> WHAT TO WORK ON: For the word "base", return each line of the data in which it occurs.

> EXTRACTED MATERIAL:
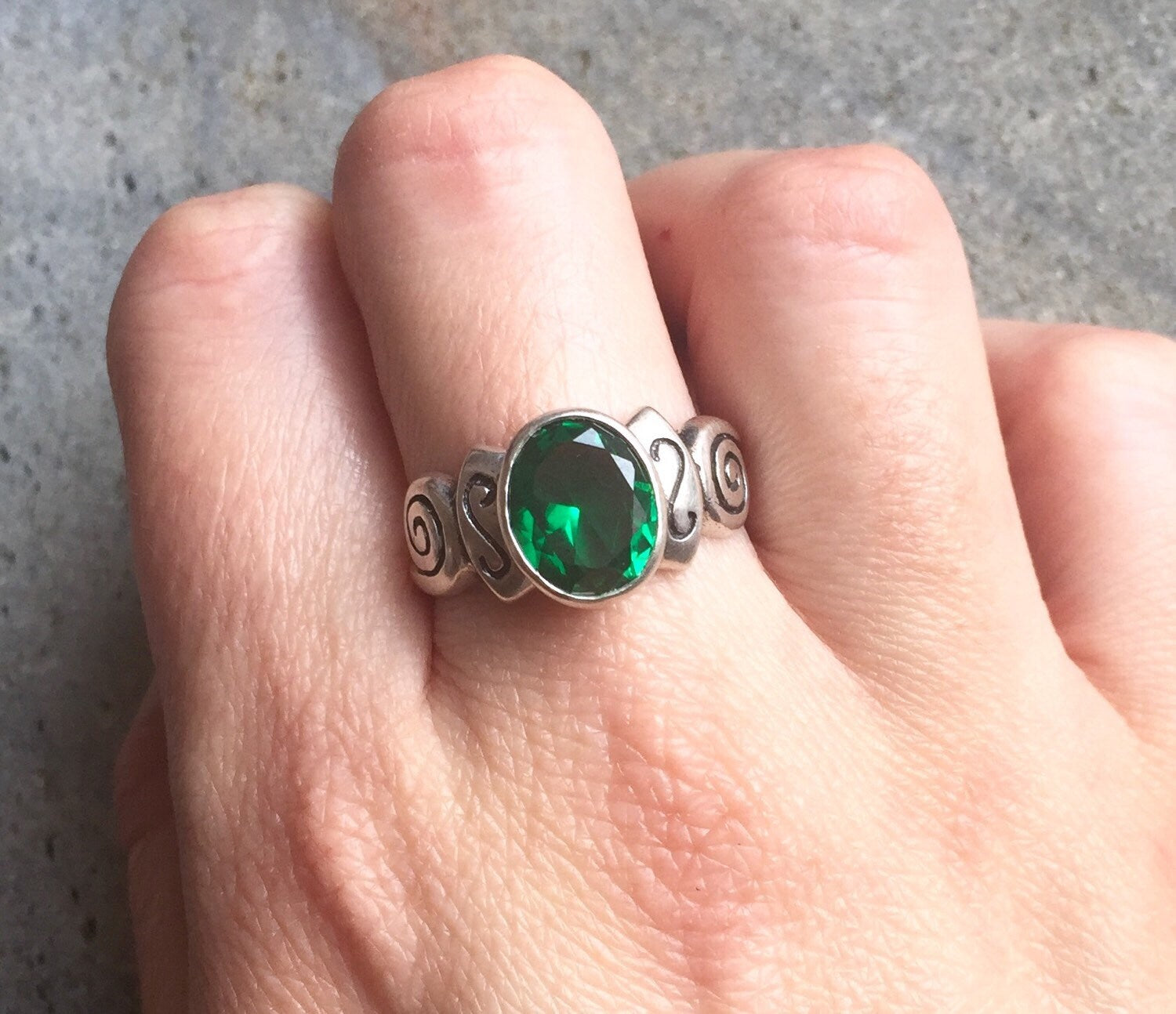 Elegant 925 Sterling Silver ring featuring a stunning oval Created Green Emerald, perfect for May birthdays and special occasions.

==

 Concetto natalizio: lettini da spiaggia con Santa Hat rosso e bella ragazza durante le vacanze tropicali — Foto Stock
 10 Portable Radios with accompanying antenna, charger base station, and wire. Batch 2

...

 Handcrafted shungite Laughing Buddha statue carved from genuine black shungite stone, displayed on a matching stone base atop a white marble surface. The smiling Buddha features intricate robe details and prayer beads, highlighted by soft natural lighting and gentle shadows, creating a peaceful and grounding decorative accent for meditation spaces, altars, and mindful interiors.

> ANSWER TO THIS PROBLEM:
 10 Portable Radios with accompanying antenna, charger base station, and wire. Batch 2
 Handcrafted shungite Laughing Buddha statue carved from genuine black shungite stone, displayed on a matching stone base atop a white marble surface. The smiling Buddha features intricate robe details and prayer beads, highlighted by soft natural lighting and gentle shadows, creating a peaceful and grounding decorative accent for meditation spaces, altars, and mindful interiors.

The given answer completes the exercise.